A comparative study of the performance of K-nearest neighbors and support vector machines for classification of groundwater

نویسندگانمحمد ساکی زاده-روح اله میرزایی محمد آبادی
تاریخ انتشار۰-۰-۰۱
رتبه نشریهعلمی - پژوهشی
نمایه نشریهISC ,SID

چکیده مقاله

The aim of this paper is to examine the feasibility of SVMs and K-NN classifiers for the classification of an aquifer in Khuzestan Province, Iran. For this purpose, 17 groundwater quality variables (EC, TDS, Turbidity, pH, Total hardness, Ca, Mg, Total alkalinity, Sulfate, Nitrate, Nitrite, Fluoride, Phosphate, Fe, Mn, Cu, Cr(VI)) from 41 wells and springs during an eight years time period (2006 to 2013) were used. Cluster analysis was used leading to a dendrogram that differentiated two distinct groups.

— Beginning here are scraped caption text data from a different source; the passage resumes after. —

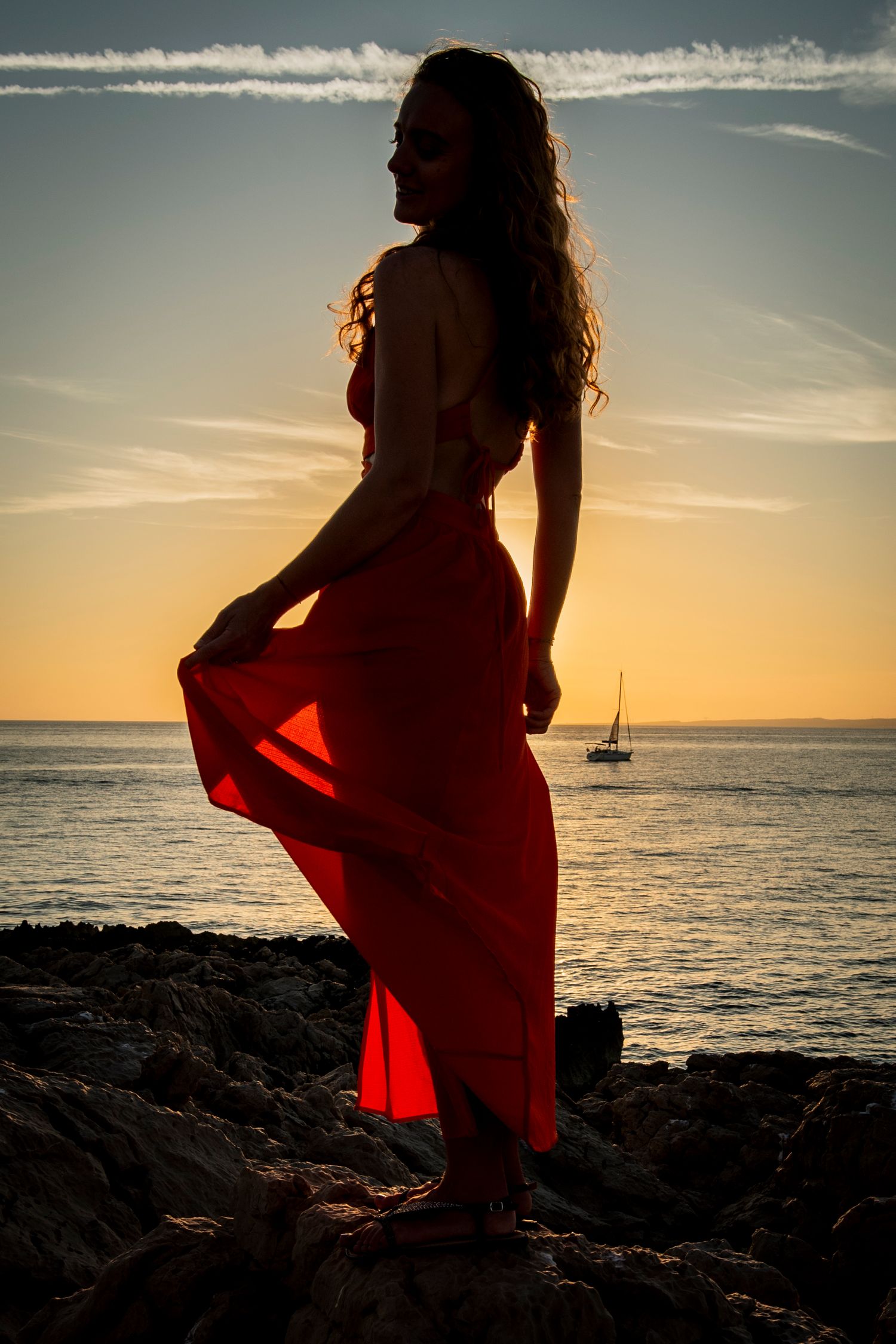 Silhouette of someone in a flowing red dress standing on rocky coastline at sunset with sailboat in distance on ocean horizon.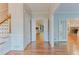 Bright foyer featuring hardwood floors, staircase, and open doorways to other rooms at 2552 Berwick Walk, Snellville, GA 30078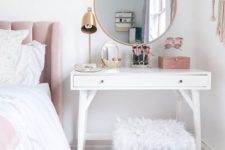 22 a simple dressing table that doubles as a bedside table with a stool covered with faux fur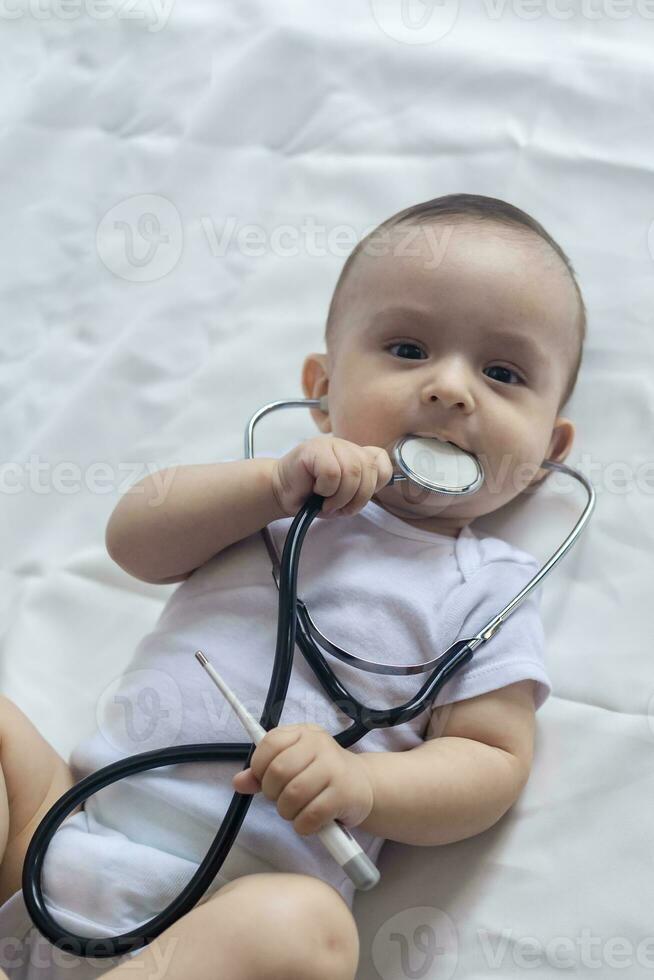 weinig schattig baby dokter. 6 maanden oud baby jongen spelen met stethoscoop. kind hebben pret Leuk vinden een dokter foto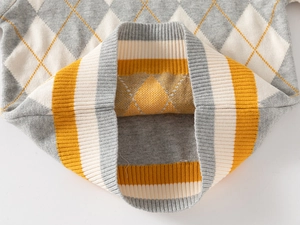 Detail of argyle knit pattern and ribbed striped collar on a boys sweater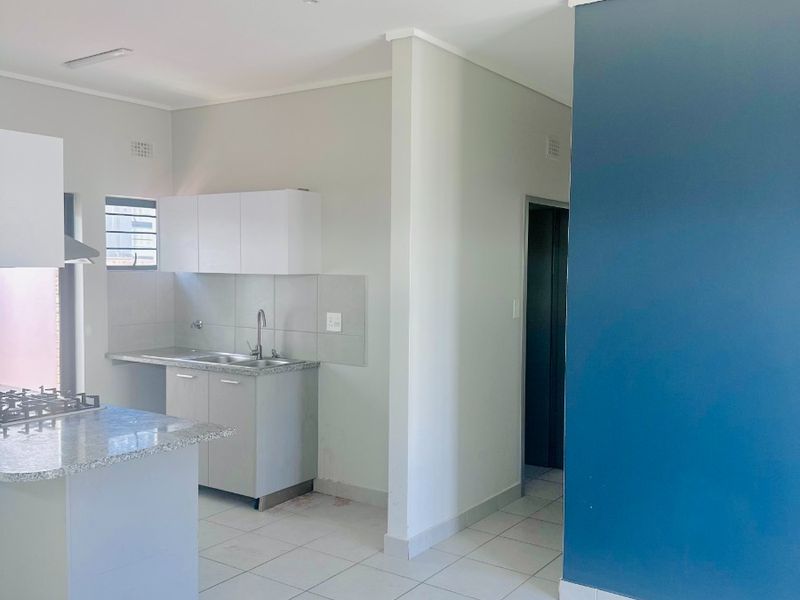 A clean, modern kitchen featuring granite countertops, built-in cabinetry, a gas hob with extractor, and neutral tiled flooring in an open-plan layout.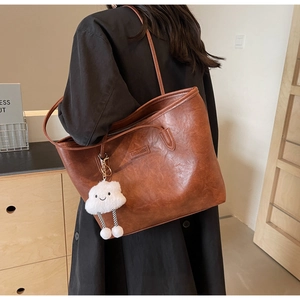 Brown vintage leather tote bag with white cloud plush pendant and brand embossing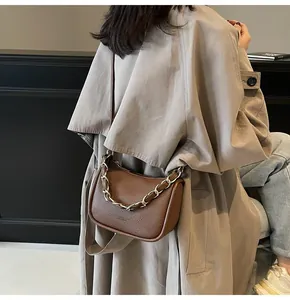 Détail du sac selle en cuir grainé marron avec chaîne dorée et bandoulière réglable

Factor analysis extracted eight factors accumulatively accounting for 90.97 percents of the total variance so, the variation of 17 variables can be covered by just eight factors. K-nearest neighbor (K-NN) and Support vector machines (SVMs) were applied for the classification of the considered aquifer. The results of SVMs indicate that the best performed model was related to an exponent of degree one with an accuracy of 94% for the test data set in which the sensitivity and specificity were 1.00 and 0.87, respectively. In addition, there was not any significant difference among the results of different kernels indicating that an acceptable result can be achieved by selecting optimum parameters of a kernel. The results of K-NN showed roughly lower efficiency compared with that of SVMs where sensitivity and specificity had reduced to 0.90 and 0.88, respectively whereas the accuracy of this model was 93%. A sensitivity analysis was performed on groundwater quality variables suggesting that calcium next to nitrate are the most influential parameters in the classification of this aquifer.